Seattle City Council votes down freeze on police hiring for 2021
Seattle City Council voted against a measure that would have froze the police department’s ability to hire new officers in 2021, while approving a series of other cuts.
Thursday’s votes came in the council’s budget committee, on the final day of deciding on amendments to the 2021 budget ahead of a full council vote set for Monday.
The hiring freeze proposal came from Councilmembers Kshama Sawant and Tammy Morales, and would have cut just over $9 million from SPD’s budget, while pausing all hiring of new officers over the next year. That money would have instead been directed toward “community-led public safety investments.”
The council voted down the measure by a 7-2 margin, with Councilmembers Lorena Gonzalez and Lisa Herbold both citing concerns over SPD’s ability to quickly respond to 911 calls while understaffed. Interim SPD Chief Adrian Diaz had also previously intimated that he plans to fill staffing gaps in patrol by moving officers out of specialty investigative units, which Gonzalez worried could have downstream effects on sexual assault investigations.
Under the proposed hiring freeze, the department would have ended 2021 with 1,260 sworn officers. Without the freeze, SPD will have 1,311 available officers.
Morales floated a compromise to instead implement a 50% hiring freeze. That proposal failed by a 6-2 margin with one councilmember abstaining.

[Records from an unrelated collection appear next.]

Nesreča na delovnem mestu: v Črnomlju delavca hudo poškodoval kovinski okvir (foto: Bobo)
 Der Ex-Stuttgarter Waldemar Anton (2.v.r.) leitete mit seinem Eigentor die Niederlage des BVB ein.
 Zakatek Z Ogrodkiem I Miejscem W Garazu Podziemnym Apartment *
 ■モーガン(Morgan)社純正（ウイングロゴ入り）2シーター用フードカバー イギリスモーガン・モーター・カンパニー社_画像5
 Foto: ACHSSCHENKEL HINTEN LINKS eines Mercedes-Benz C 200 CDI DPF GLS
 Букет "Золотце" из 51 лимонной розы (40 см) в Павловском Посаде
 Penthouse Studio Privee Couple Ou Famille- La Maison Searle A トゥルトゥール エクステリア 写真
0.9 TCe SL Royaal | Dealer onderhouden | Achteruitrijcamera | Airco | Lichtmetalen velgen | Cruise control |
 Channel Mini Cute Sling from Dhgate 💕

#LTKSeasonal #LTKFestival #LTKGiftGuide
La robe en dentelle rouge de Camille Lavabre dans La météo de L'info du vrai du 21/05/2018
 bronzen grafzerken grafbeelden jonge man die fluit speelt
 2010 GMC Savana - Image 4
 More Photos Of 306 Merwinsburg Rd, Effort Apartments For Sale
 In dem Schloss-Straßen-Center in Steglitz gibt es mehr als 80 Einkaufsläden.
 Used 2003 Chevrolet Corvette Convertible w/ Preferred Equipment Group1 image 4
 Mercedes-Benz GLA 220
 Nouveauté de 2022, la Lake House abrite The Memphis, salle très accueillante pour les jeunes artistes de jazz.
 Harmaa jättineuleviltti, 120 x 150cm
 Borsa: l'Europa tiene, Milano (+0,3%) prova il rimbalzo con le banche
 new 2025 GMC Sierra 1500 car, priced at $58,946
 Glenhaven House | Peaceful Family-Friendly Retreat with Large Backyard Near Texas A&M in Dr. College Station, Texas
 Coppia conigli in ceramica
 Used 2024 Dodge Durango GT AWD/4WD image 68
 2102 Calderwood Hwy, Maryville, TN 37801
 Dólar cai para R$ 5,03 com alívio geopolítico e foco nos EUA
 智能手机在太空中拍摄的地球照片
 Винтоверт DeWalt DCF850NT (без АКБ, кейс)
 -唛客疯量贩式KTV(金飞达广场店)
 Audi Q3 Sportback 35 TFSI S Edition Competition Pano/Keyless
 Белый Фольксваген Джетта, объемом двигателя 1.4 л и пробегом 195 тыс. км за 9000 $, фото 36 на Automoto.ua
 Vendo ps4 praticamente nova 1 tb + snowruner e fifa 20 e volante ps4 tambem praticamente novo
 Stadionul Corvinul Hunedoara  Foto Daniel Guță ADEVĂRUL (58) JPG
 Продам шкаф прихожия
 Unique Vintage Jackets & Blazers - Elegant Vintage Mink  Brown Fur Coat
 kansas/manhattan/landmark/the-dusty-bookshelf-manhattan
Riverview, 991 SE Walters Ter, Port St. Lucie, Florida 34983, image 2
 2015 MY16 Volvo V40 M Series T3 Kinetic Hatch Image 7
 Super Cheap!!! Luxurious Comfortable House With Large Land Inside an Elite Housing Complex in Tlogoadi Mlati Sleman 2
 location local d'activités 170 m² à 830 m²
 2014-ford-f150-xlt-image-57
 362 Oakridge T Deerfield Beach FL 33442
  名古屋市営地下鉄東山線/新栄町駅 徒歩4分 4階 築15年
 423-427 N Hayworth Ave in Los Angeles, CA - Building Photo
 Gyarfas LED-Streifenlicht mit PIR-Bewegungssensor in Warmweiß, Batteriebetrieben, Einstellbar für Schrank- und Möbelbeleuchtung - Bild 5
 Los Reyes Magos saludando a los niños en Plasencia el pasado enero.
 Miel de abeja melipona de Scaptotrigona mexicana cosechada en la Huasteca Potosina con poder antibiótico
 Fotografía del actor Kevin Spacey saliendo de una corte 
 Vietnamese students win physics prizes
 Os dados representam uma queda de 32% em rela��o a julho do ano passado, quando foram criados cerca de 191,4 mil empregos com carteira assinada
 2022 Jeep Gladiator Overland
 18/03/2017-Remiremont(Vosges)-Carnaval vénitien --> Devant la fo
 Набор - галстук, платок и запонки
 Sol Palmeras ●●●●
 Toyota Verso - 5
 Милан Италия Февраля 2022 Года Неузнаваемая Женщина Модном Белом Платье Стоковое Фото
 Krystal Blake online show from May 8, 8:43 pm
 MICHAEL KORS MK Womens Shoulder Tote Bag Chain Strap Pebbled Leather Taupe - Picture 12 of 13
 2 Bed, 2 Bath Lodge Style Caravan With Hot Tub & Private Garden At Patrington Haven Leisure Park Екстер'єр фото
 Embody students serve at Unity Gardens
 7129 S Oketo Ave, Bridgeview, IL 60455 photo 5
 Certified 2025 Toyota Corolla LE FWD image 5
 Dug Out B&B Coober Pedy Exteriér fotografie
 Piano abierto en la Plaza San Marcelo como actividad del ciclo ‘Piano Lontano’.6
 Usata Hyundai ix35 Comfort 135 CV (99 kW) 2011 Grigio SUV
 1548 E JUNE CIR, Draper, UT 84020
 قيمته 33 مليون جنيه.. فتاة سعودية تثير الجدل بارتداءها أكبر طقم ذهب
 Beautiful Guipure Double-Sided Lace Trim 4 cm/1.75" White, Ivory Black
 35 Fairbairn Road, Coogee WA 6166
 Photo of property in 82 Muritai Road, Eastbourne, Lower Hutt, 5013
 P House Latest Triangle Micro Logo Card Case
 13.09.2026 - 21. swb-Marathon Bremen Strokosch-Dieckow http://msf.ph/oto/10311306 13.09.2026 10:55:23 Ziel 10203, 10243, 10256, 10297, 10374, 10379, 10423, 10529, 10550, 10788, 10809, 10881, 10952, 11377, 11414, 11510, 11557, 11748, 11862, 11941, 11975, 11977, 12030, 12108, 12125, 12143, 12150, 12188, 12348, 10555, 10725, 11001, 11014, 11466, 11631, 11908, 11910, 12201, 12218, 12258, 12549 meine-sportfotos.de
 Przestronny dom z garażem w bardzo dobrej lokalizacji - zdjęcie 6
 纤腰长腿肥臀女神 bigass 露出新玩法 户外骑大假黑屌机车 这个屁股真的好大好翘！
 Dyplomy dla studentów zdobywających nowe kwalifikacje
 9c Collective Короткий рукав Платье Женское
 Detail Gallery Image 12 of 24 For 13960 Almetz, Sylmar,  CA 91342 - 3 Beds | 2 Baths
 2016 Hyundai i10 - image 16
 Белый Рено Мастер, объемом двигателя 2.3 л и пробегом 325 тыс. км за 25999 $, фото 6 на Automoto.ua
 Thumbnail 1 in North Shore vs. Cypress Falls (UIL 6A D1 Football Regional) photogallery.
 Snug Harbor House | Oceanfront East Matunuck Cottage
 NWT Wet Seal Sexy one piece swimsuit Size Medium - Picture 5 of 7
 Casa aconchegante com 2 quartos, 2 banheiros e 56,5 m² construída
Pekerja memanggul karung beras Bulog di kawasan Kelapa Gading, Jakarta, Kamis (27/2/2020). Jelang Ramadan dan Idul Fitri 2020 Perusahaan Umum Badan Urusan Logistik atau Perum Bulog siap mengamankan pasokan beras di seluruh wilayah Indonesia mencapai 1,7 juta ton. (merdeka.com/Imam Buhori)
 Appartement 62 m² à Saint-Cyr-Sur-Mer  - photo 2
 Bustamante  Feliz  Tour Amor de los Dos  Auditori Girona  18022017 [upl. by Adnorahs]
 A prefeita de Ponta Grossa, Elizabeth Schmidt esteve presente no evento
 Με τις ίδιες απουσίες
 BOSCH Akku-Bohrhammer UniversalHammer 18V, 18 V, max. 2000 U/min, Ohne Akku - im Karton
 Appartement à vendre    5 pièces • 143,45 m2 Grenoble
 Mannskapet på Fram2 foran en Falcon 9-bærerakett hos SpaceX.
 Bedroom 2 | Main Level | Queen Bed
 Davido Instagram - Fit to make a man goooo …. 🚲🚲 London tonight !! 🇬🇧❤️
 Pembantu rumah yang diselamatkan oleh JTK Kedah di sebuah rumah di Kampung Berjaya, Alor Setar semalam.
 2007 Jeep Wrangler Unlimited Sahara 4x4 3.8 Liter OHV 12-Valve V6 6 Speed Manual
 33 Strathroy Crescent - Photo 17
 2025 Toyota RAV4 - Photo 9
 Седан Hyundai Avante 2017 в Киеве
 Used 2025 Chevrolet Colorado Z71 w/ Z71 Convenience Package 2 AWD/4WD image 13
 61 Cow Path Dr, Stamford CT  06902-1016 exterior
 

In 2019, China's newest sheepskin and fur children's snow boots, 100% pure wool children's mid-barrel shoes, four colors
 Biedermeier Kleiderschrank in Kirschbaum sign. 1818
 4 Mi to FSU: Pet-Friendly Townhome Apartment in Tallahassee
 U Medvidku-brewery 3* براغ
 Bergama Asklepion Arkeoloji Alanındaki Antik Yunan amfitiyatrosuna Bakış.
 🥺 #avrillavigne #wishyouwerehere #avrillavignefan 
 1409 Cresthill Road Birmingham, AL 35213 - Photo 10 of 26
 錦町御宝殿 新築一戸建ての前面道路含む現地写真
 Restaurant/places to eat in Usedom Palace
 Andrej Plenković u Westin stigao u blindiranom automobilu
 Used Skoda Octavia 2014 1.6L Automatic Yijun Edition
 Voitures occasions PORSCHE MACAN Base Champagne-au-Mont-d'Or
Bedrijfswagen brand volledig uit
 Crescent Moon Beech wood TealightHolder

The council did vote on several other cuts to SPD’s budget, totaling roughly 17%. That includes eliminating 93 already-vacant SPD positions, which would leave them unfilled indefinitely pending upcoming police union contract negotiations. The mayor’s own budget proposal had sought to eliminate 47 of those unfilled positions.
The council’s budget would also seek to lay off 35 additional officers by July 1, 2021. The council hopes the layoffs are conducted out of order rather than by seniority, prioritizing officers with histories of sustained complaints.
Prior to Thursday’s budget committee vote, Seattle Mayor Jenny Durkan had indicated that she and the council are largely aligned on the 2021 budget, and that after a heated summer of back-and-forth among leaders in city hall, they had finally “turned a corner.”